The project’s leaders say this is the first-time ever use of drones to apply a biological control agent against mosquitoes anywhere in the world.

On the ground level, the trial was a joint effort between Abdullah Ali representing Tanzania’s Ministry of Health; drone pilot trainer Eduardo Rodriguez, Fundraiser/co-coordinator Guido Welter, the Zanzibar Malaria Elimination Program, the State University of Zanzibar and of course, the local community in Cheju.

Professor Richard Mukabana from the University of Nairobi and AMD served as the project’s medical entomology expert and scientific adviser.

Tingitana, said funding came from the AMD in the Netherlands and China’s DJI Company who developed the specialized drones capable of spraying the thick, honey-like Aquatain AMF.

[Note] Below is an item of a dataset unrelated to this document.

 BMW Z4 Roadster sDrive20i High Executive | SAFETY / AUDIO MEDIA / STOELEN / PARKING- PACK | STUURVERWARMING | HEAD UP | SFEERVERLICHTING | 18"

Tingitana said there were many applications for drones in east Africa.

“The land surveying and remote sensing capabilities of drones are the most pertinent aspects of drone technology in the African context at the moment,” he said, adding that the biggest example in Tanzania’s fast growing cities.

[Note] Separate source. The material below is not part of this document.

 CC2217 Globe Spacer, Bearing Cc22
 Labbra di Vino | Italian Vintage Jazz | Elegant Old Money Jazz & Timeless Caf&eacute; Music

“Dar es Salaam, the commercial capital of Tanzania, has some areas growing at an annual rate of 20% but has a census every 10 years,” he said.

Tingitana explained that urban planners and public health specialists do not have accurate data of where people live or what services or infrastructure they have access to, which has major implications for disaster management, disease control and many other areas.

“Drones help fill this gap by acquiring high-resolution near-ground imagery on-demand and cost-effectively,” he said.